Encompass Technologies
- Type: Corporation
- Industry: Beverage Distributing Software
- Founded: 2001; 25 years ago
- Founder: Jonathan O'Neil Kent O'Neil
- Headquarters: Colorado, U.S.
- Products: Enterprise Resource Planning WMS Voice-Directed Order Picking IOT-hardware
- Website: encompasstech.com

= Encompass Technologies =

Encompass Technologies is an American multinational enterprise resource planning (ERP/RAS) and beverage production management software corporation headquartered  in Fort Collins, Colorado. Encompass develops three native, cloud-based softwares:

1. Distribution Cloud: A beverage distribution management software for beverage distributors, wholesalers and retailers.
2. Production Cloud: A production software for beverage producers (such as beer, spirits, THC, cider, etc.)
3. vintrace: A wine production software for wineries.

Its slogan is “Optimizing the beverage supply chain from maker to market”.

Encompass has 200+ employees, 2600+ customers, 562k+ serviced retailers, 2M+ active users, $1.5B monthly retail transactions, and customers in 19 countries.

== History ==
In 2020, Encompass merged with Orchestra Software and acquired Handoff to provide SaaS solutions with the entire supply chain of brewers, distilleries, distributors, and retailers.

The O'Neil family established Encompass Technologies in late 2001.

Encompass became the first cloud-based warehouse management system in 2011.

In January 2015, the Fort Collins headquarters transferred to the completed location at 420 Linden Street. The location is shared with upstairs apartments and is estimated to generate $1.2 million in additional tax revenue for Fort Collins through 2031.

In October 2020, Encompass Technologies merged with Orchestra Software, a Portland, Oregon-based software and services solution for the craft beverage industry.

In November 2020, Encompass acquired Handoff, a Denver-based alcohol delivery startup that serves retailers.

In 2022, Encompass acquired vintrace, an Australian wine production software company.

In 2025, Encompass acquired eVineyard, a Slovenian vineyard management software company.

== Products ==

=== Distribution Cloud ===
Distribution Cloud is an ERP platform for beverage distributors built on the Snowflake database.

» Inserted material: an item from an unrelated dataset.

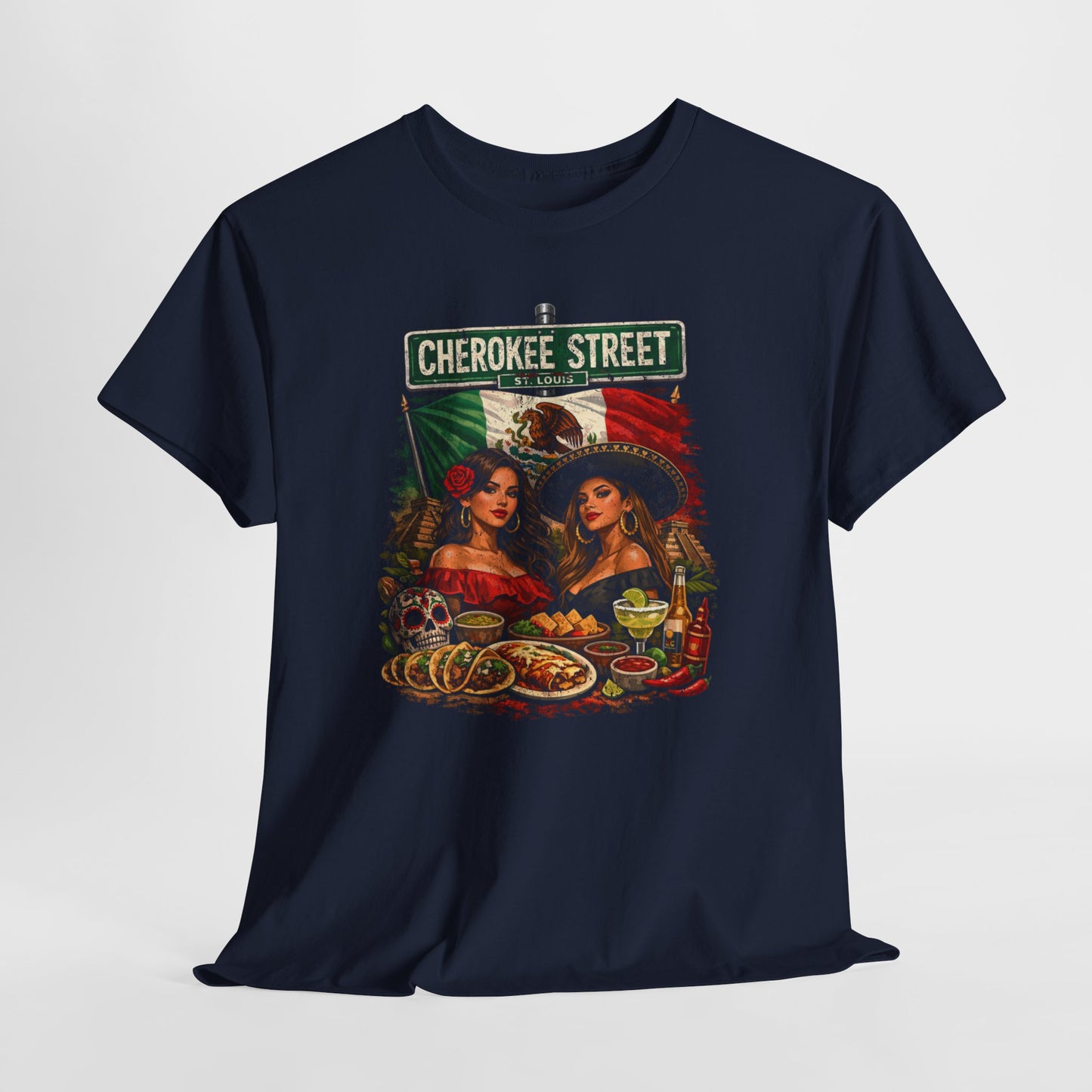 Cherokee Street Mexican Food Tee — Vintage Chicana Girls Street Sign T-Shirt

It includes modules for warehouse management, logistics, and finance.

Capabilities include: portfolio management, sales, market and eCommerce execution, warehouse management, routing and logistics, reporting and analytics, financial management, supplier collaboration, and integrations.

Often categorized as a Route Accounting System (RAS) or Enterprise Resource Planning (ERP) system, Encompass has since expanded its capabilities beyond the original use case of the solution to support suppliers and retailers as well.

=== Production Cloud ===
Encompass Production Cloud is a solution for beverage production management. Producers use the platform to manage production and business operations.

Typically used by craft breweries to brew beer, the solution can also be used to produce spirits, kombucha, THC-based beverages, Non-Alcoholic beverages, Ciders, Flavored Malt Beverages, and Ready to Drink (RTD) beverages.

Capabilities include inventory, production, sales, finance, reporting, quality control, self-distribution, brewers report of operations, and product information management.

For distilleries, capabilities also include contract production, spirit blending, barrel management, and distillers report of operations.

=== vintrace ===
vintrace is a wine production software. It was founded in Australia in 2007 with the mission to create a modern, cloud-based solution for winemakers. vintrace has 7600 users across 19 countries.

Capabilities include dry goods tracking and management, bottling logistics, inventory management, reporting, TTB compliance, direct purchasing and sales, and work process management.

vintrace has both SOC 1 Type 2 and SOC 2 Type 2 certifications.

== Partnerships ==
In March 2025, Encompass announced their partnership with Southern Crown Partners, an Anheuser-Busch wholesaler in South Carolina in the Southeast region. Southern Crown Partners developed a mileage tracking solution within the Encompass platform with similar functionality to softwares like Everlance or Motus (who have now merged). The partnership entails a long-term, multi-product handover to Encompass for further research and development investment, as well as deployment to the rest of their customer base. The first of these solutions was for mileage tracking, which Encompass has now branded, Mileage Tracker, an optional add-on to their Distribution Cloud solution.

In June 2025, Encompass announced a partnership with Stripe to release PayLink Capital. The premise is that Stripe will provide access to capital to distributors quicker than traditional processes.